You can find the source code there and play with the parameters :-)

The "microYASEP" is a compatible subset of the usual YASEP but with many limitations, like only 23 instructions (not yet all implemented), 2 cycles per instruction (no pipeline), not even data memory access... It is designed for tiny FPGAs and the core source code takes about 350 lines in VHDL. Data widths are 16 bits but could potentially be even smaller if needed (I'll have to check). I think it will run around 12 MIPS for the first system that will use it, it could be faster but this is useless.

This would not be possible without all the software tools I have written in the last months and years ! I can now assemble and export in hexadecimal or VHDL, create new custom configuration files with a few clicks, or tweak details at will. I have created a new system of "CPU profiles" that goes beyond the basic YASEP16/YASEP32 distinction.

The microYASEP is just one of the several possible microarchitectures possible with the YASEP. Later configurations will be faster, larger and with more features like the multiplier, shifter and memory interfaces... But with one first application and a running, basic core, the whole YASEP design can tune its details with more real-life feedback !

Monday 13 February 2012

Interactive Assembler, take 2

The YASEP is progressing toward the 2012 revision, with great features and hopefully a first micro-YASEP soon. This burst of productivity has no secret : I just NEED a YASEP as soon as possible for another project. At this moment, I'm working on the assembly environment, a quick development that reuses some code from listed (the LISTing Editor created and stopped in 2009).

So far it can already import and assemble source code from a textarea, not bad for a whole day of coding... I've also been surprised by what I could do in one day for the VHDL code ! This new interface is also able to edit the imported data and export the assembled listing, but I want it to move lines from one editor window to another, and much more... I'll even reuse the recycle bin, just like I did for listed ! But I changed the name to YASMed. Don't ask me why...

Hopefully, a new release should be online on the "prototype area" in a few weeks.

Monday 28 November 2011

A YASEP assembler in C by DeforaOS

Today, khorben from DeforaOS, sent me a surprise : this screenshot !

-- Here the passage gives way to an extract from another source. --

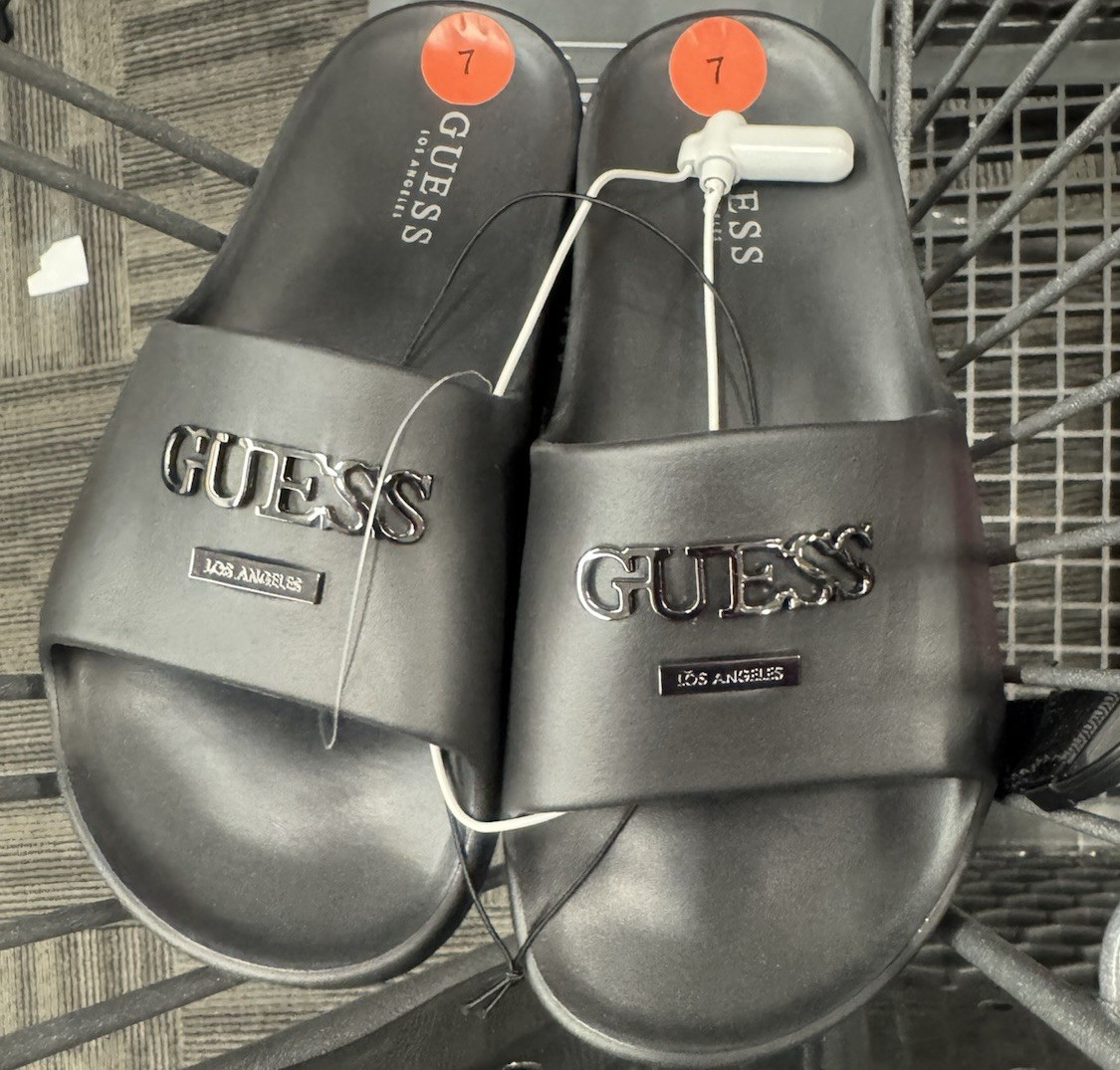 GUESS Black Logo Slide Sandals Women's 7 8 9 Slip On Solid Casual Summer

defora disassembler screenshot

He is implementing his assembler/disassembler in C for his operating system project. A graphic interface is also available, among the many features in development ! In parallel, I implement some features in the YGWM interface that synthesise and export the relevant informations needed by his assembler. In the end we'll both have the tools to create a full working and autonomous system :-)

Thanks again for the screenshot !

Tuesday 8 November 2011

Register Parking

As the YASEP architecture specifies, there are 5 normal registers (R1-R5) and 5 pairs of data/address registers  (A1-D1, A2-D2...) and it's quite difficult to find the right balance between both : each application and approach requires a different optimal number of registers.

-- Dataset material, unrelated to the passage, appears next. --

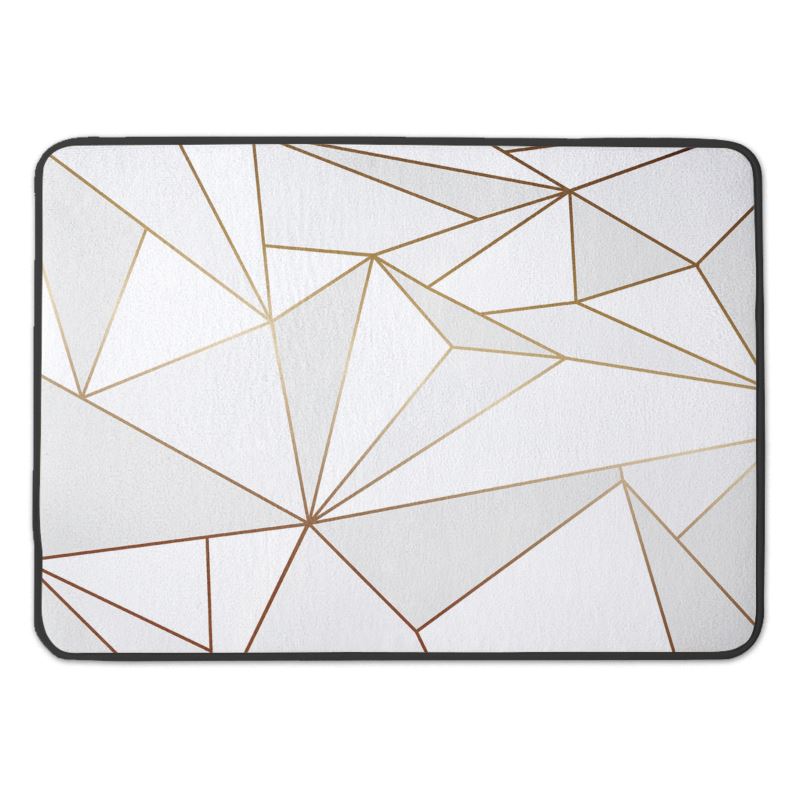 Abstract White Polygon with Gold Line Bath Mat by The Photo Access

When more registers are needed (if you need R6 or R7) then you could assign them to D1 and D2 for example. However you have to set A1 and A2 to a safe location otherwise chaos could propagate in the software. Another issue is that each write to the A registers will update the memory. A similar situation appears if we use the Ax registers as normal registers : each write will trigger a memory read. And in paged/protected memory systems, this would kill the TLB...

This is now "solved" with today's system, which defines hardwired "parking" addresses and internal behaviour (this is still preliminary but looking promising).

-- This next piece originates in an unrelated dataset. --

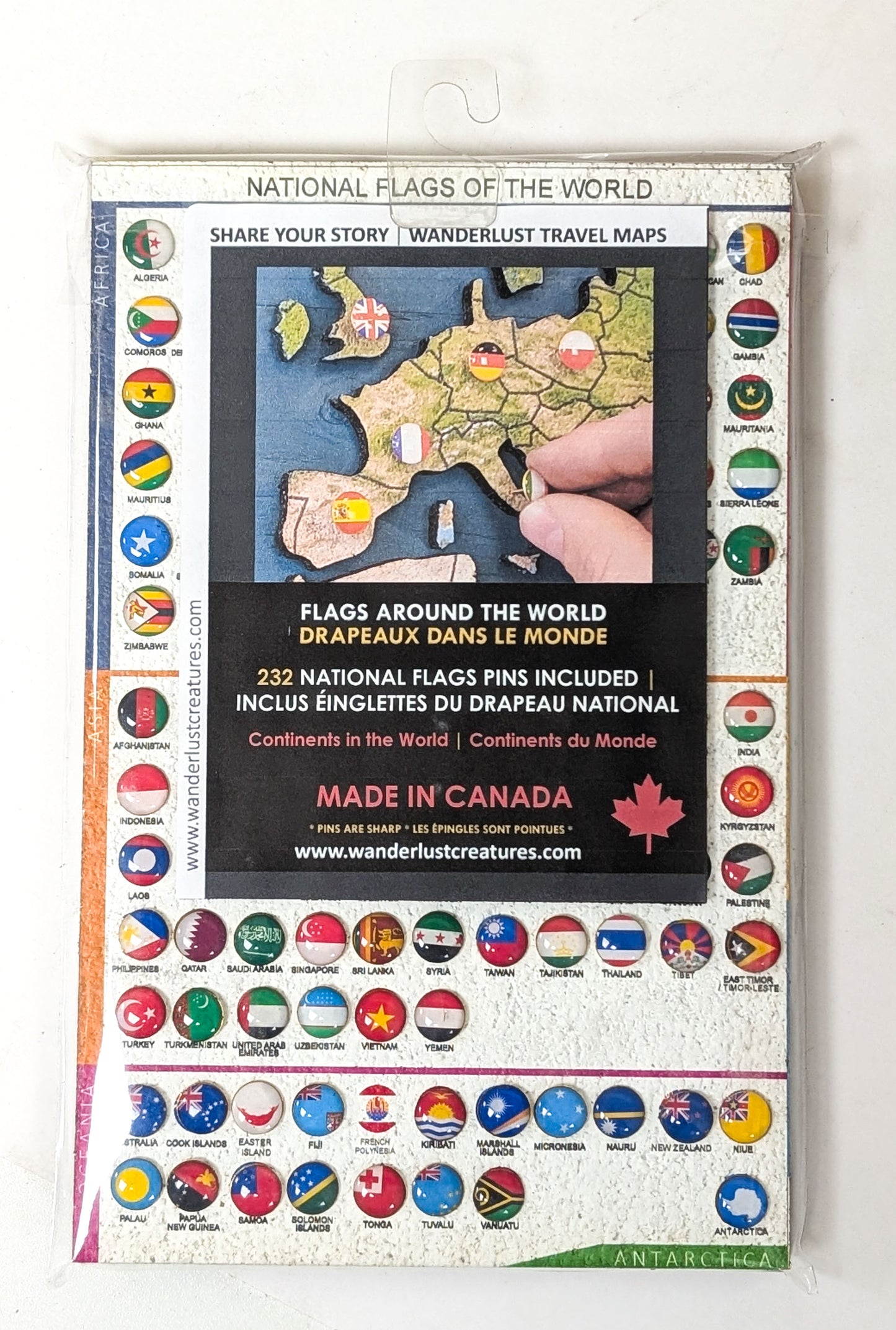 Epoxy National Flag Push Pin Set | Made in Canada | 8 Units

  • "Parking" addresses are defined as "negative" addresses (that is : all the MSB are set to 1). This addressing range, at the "top" of the memory space, is normally not used, or used for special purposes, such as "fast constants" addressed by the short immediate values :
    MOV -7, A3 ; mem[-7] contains a constant or a scratch value,
    MOV D3,... ; the address fits in 3 bits
  • To keep the "parking" system compatible with non-parked versions, the addresses are defined globally for all software. They are easy to remember, as the following code shows :
    ; Park all the registers
    MOV -1, A1
    MOV -2, A2
    MOV -3, A3
    MOV -4, A4
    MOV -5, A5
    These will become macros or pseudo-instructions.
  • The internal numbering of the registers is changed to ease hardware implementation. There is a direct match between the binary register number and the binary code of the address (bits 1 to 3) :

    park address  binary    reg.bin       reg.number   register
          -1             1111       1111              15              A1
          -2             1110       1101              13              A2
          -3             1101       1011              11              A3
          -4             1100       1001                9              A4
          -5             1011       0111                7              A5
  • Architecturally, it does not change much. The Data registers are "cached" by the register set. What the hardware parking system adds is just an inhibition of the "data write" signal that would occur normally each time the core writes to a D register.
  • Aliasing : No alias detection is expected. If A4/D4 writes to -2, D2 is not updated. Otherwise it would mean that the result bus could write to 5 registers in parallel, which is not reasonable.
  • Thread backup and restoration : the register set contains the cached version of the memory, it must be refreshed when a thread is restored (swapped in). If the Ax register matches a parked address, the memory doesn't need to be fetched to refresh the cache. Another solution is to save the Dx register through another Ax/Dx, so there is nothing to test during restoration (but memory read cycles could not be spared).
  • This sytem where the "parking" is defined by an auxiliary value (that is inherently preserved through context switches) is "cleaner" than a more radical approach where "status bits" (one per A/D pair) park the registers. The advantage of the radical approach is that two registers can be parked at once (instead of one) but it gets harder to use with a compiler or from user software (you can play with pointers in C or Pascal easily, though you won't be able to define which pair is used). On top of that, adding status/control bits is usually a nightmare
In the end, it's not very complex (not as much as it seems). The hardware price is a few logic gates that detect the parking addresses to inhibit memory writes. For the software writer, it just means more registers on demand and it will work whether the YASEP has the parking hardware or not. You CAN have R6, R7 or R8 but then you'll have to restrict data access and give up A1/D1, A2/D2 and A3/D3. You make the choice !

Sunday 25 September 2011

The YASEP and Defora

Today I think that one big issue with the YASEP project has been solved.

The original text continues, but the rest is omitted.